On Monday, 29 January 2024 at 06:21:00 UTC, Walter Bright wrote:
> On 1/28/2024 8:11 PM, Lance Bachmeier wrote:
>> On Sunday, 28 January 2024 at 05:29:54 UTC, Walter Bright 
>> wrote:
>> 
>>> It's fair to consider the result. ImportC elicited more or 
>>> less no interest from anybody. I expected that. Over time, 
>>> though, its detractors who have tried it have found it to be 
>>> a game-changing time saver. ImportC is a huge win for D.
>> 
>> I wouldn't say "no interest". This is [what I 
>> said](https://forum.dlang.org/post/apozoxpxalpdqiysoqak@forum.dlang.org):
>
> Thanks for reminding me! My mind is like a sieve.
>
>
>>> This will be incredible. I have a lot of use cases for it. In 
>>> particular on Windows where linking to DLLs is not fun.
>> 
>> It turns out I was a bit too optimistic. The number of 
>> dependencies for the typical C project is huge, including 
>> things like glib, so avoiding them isn't usually possible. I 
>> also underestimated the widespread use of compiler extensions 
>> (thankfully this doesn't seem to be much of a problem any 
>> longer for ImportC).
>
> I, too, underestimated the pervasive (and usually quite 
> unnecessary) use of bizarro extensions in the C header files. 
> The majority of the problems with ImportC were(are) these 
> extensions.

Surely you of all people would know that? I was one of the first 
people (that I'm aware of at least) to build and play with 
ImportC (i.e. slightly prior to it being announced) and it 
immediately blew up (even after preprocessing) on some GNU 
headers -- the trend wasn't hard to see.

>> What has worked surprisingly well is converting C headers to D 
>> and then using traits to create dynamic bindings at compile 
>> time. So while it is not what I originally thought it would 
>> be, it's been a win for me in a different way.
>
> You and Adam Wilson! An unanticipated use, for sure.

So what dstep has been doing for years? The value of ImportC is 
in importing c, i.e. thats the thing that the others can't do. 
Even then I think the lack of tools for doing it on the fly as 
part of a build with (say) dub does reveal that the demand is not 
as great as some think.

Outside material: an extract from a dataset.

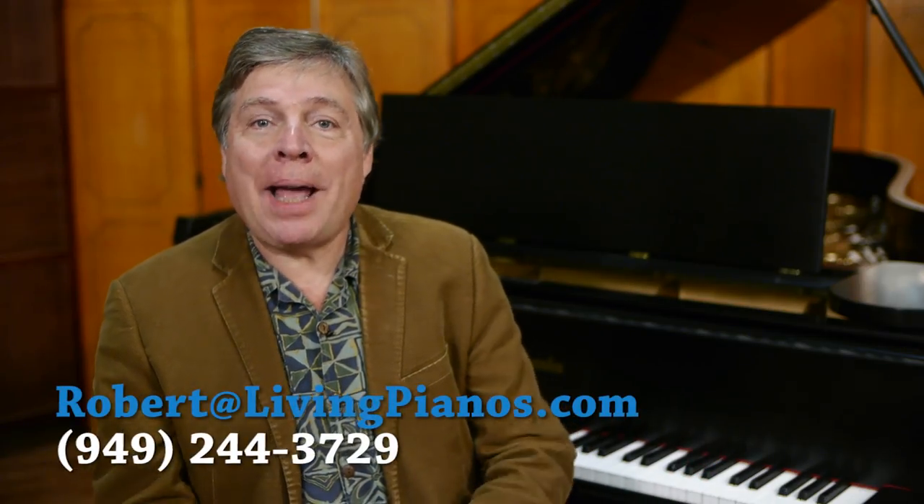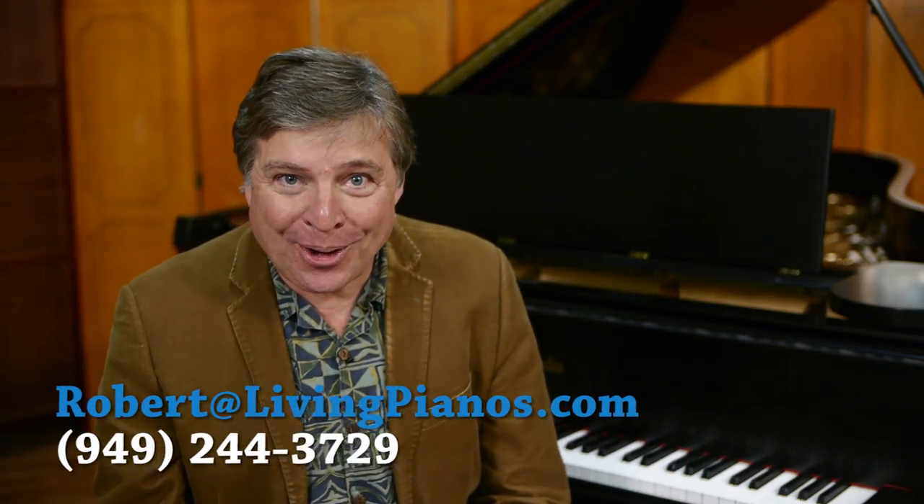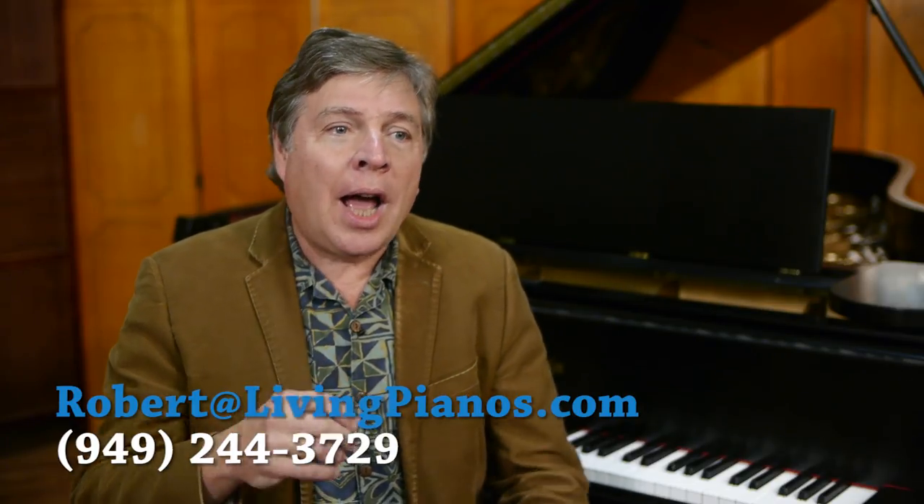Hi, this is Robert Astrin at livingpianos.com, your online piano store, with a viewer question: how to deal with a new piano. You might think you get a new piano, set it up in your home, tune it, and you're done. Well, it's not quite that simple. Where to put it in your home, how much to tune it, and is there anything else to do? Quite a bit, actually, to get optimal performance and longevity of your investment.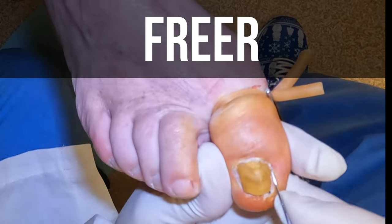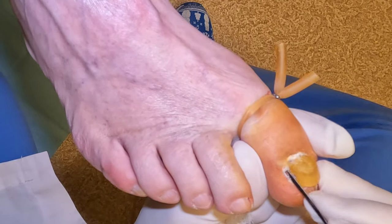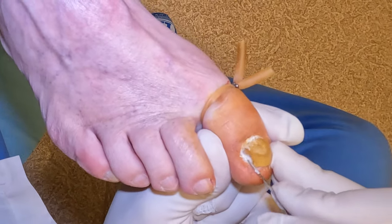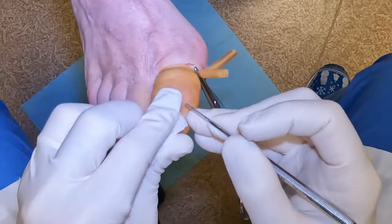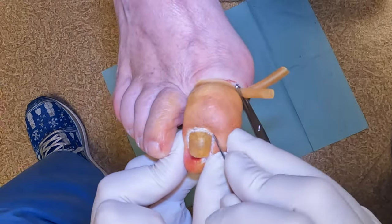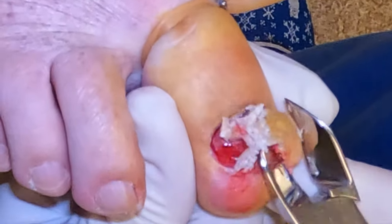We use a freer elevator to gently free away the skin or the cuticle area from the toenail that we're removing. Sometimes we go under the nail as well so that we can loosen it, and we get it all freed up from the skin edges with our freer. After we do that, it's time to remove the nail.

The language is better with it, 
obviously, but I'm genuinely not sure if the strategic investment 
has paid off i.e. it's still in large viewed as a toy / solution 
for yesterday's problem industrially at least (I think we 
*switched* to using it for some bits and pieces recently it must 
be said but it didn't enable anything new).

That and the binding generation is probably not as good as what 
you can do with DStep because it works with a higher level and 
frankly much more modern AST from a real C compiler i.e. more 
info to play with, and info that hasn't potentially been through 
a bunch of D semantic passes - which does mean that you can 
potentially do ExportD, in fairness.